Belfast News-Letter (M. O’M., 16 July 1931): Those who like a neatly-constructed, plausibly possible, detective yarn, will welcome Mr. Moray Dalton’s Night of Fear. There is just the right touch of mystery about it to make speculation on the personality of the murderer a plausible mental exercise. We are spared all “sleuthing” by super human detectives. A quaint gnome of a man, Herman Glide, does the trailing, and manages to keep us in state of doubt about his ability to “hand up the goods” in time to prevent the accused ex-officer being hanged. He saves the hero just as the judge was about to pass sentence—and incidentally adds a happy sequel to the love interest which is delicately sustained throughout the story.

Evening Standard (Stephen Potter, 16 July 1931): The same [conscientious writing] cannot be said of The Night of Fear, by Moray Dalton. The book opens with the finding by a fellow-guest of the murdered body of a member of a fashionable house party. Suspicion at first falls on the wrong man.

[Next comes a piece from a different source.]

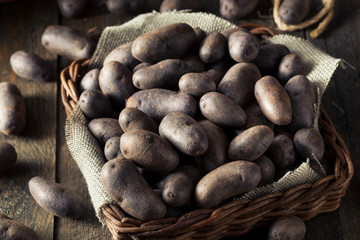 Raw Organic Purple Potatoes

Dundee Courier (22 July 1931): The Night of Fear, by Moray Dalton,is a thriller that has plot, action, and character in their right proportions.

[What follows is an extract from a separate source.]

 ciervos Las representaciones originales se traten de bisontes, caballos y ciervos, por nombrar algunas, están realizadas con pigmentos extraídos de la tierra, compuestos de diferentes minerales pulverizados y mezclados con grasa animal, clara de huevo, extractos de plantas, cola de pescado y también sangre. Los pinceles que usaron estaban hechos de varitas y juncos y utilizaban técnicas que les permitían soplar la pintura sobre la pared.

A murder takes place while the guests at a house party are playing hide-and-seek. The lights are switched off to aid realism, and the body of a murdered man is discovered by a blind man, who is known to hate him. To implicate him even further in the crime the blind man discovers his sight. The policeman who is investigating the case dies in a highly mysterious manner, and a vital piece of evidence is torn from his note-book.

The Night of Fear really lives up to its name. It is a thrilling entertainment, and is well worth reading, if only for the sake of meeting an exceedingly original detective.

Northern Whig (1 August 1931): The Night of Fear, by Moray Dalton is a detective story by the author who won his spurs with The Body In the Rand [sic]. The eccentric private detective whom Mr. Dalton has invented makes another appearance in the new story, and is again successful in “spotting” a murderer, and if his methods are somewhat heterodox, readers are not likely to share the objections to them felt by the “regular” police.

Times Literary Supplement (10th September 1931): Mr. Dalton’s latest detective story is his best, and the discerning reader will appreciate the choice of situation which allows him full scope to exercise his own skill at detection.  For this purpose a house-party is admirably suited; it is both plausible and convenient.  In the present instance the house is snow-bound so that it is possible to dismiss the contingencies that arise from outside interference and concentrate exclusively on the demeanour and whereabouts of the guests at the moment of the crime.  The murder of an unpopular writer—a last-minute guest—occurs and is discovered during a harmless game of hide-and-seek in the dark; he is found stabbed to death in a dark corner of the darkened mansion by one of the “hiders”, a man who had lost his sight in the War.  It seems incredible that this man should have been able to commit such a swift and accomplished crime, but the alibis of his fellow-guests make it as difficult to believe that one of them had a better chance.  It is for the reader to decide whether these alibis are impeachable, for Mr. Dalton does all he can to help him.  It is his duty to decide how much significance should be attached to the death of the local constable, and to a thrilling elopement that ended by a Rolls-Royce plunging into the lake during a fog.

News Chronicle: Mr. Dalton is one of those delightful writers who go on introducing fresh thrills throughout.

Evening News: An unusually interesting and skilfully worked-out mystery.

Dundee Courier: It is a thriller that has plot, action, and character in their right proportions … it is a thrilling entertainment … well worth reading.

Bookm (December 1931, 100w)

A Catalogue of Crime (Barzun & Taylor, 1989): This, which appears to be the author’s third tale, is a classic example of the English house-party murder, but it has unusual feature: the star detective, Collier, plays a minor and unaccustomed part, and there is a good twist at the end, after the well-handled trial.  On the evidence at hand, Moray Dalton deserves thorough looking up.